Europe as something common and shared should be understood as the European cultural consciousness. It is a social space, a storeroom of common ideas, forms, (hi)stories and enthusiasms. Pursuing and presenting these is the task and concern of the international research and exhibition project Mnemosyne, for a sense of history is grounding the present in the past.

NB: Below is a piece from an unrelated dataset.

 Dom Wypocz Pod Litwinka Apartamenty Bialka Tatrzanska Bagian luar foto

Antonio Pollaiuolo, Hercules and Antaeus, circa 1475

Identity is based on History and Stories: the Necessity of a Positive Narrative

It is important to recognise that a national identity is formed in a similar way to a personal identity: narratively. Whilst talking about oneself engenders the identity of a person, communities create their identities through stories. This occurs through the handing down of memories with a national, or in Europe’s special case pan-European, reference. Europe, however, lacks these broad-based, common positive stories. Pro-European sentiments are usually argued on the basis of the absence of things (e.g. no war, no border controls, no currency exchange etc.). This is correct, but citizens have become accustomed to this state and, for the younger generation in particular, it hardly has any identity-conveying potential. Moreover, nobody falls in love with an internal market.

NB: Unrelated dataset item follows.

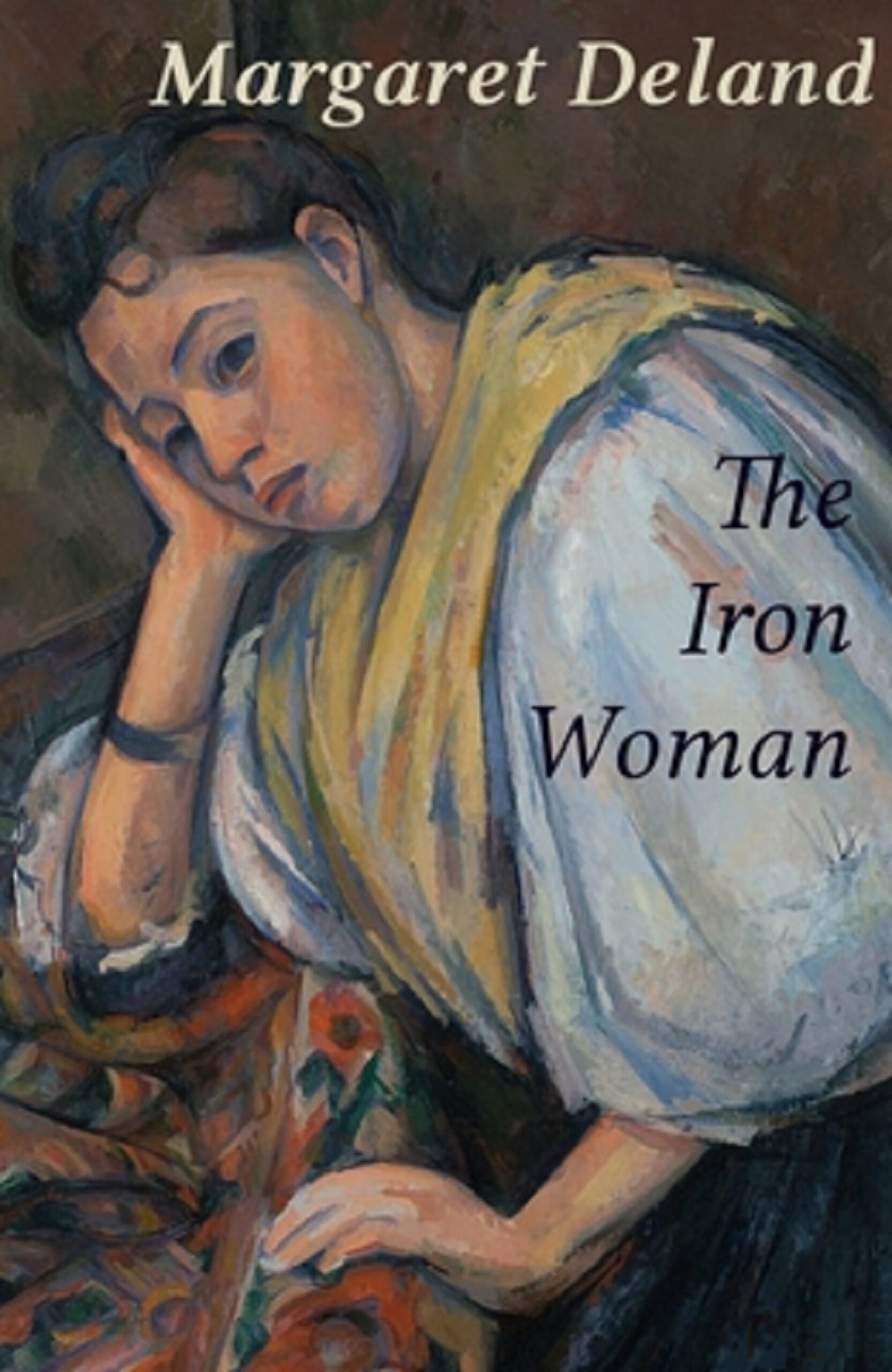 the iron woman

These days more urgently than ever, we need a common and, above all, positive memory culture, a new pan-European self-image over the web of one’s own story, on the basis of which a future social and political togetherness can succeed. For in point of fact, the world repeatedly empties itself during the changing of generations and endless stories, which are connected to places and objects and are inevitably lost. The idea of a common cultural identity is necessary to counteract this automatic and insidious memory loss, which society barely notices. Culture transcends national borders and ultimately creates itself through comprehending and identifying its own past, healing and accepting, the recognition of differences and appreciation of the complexity of its own and the other.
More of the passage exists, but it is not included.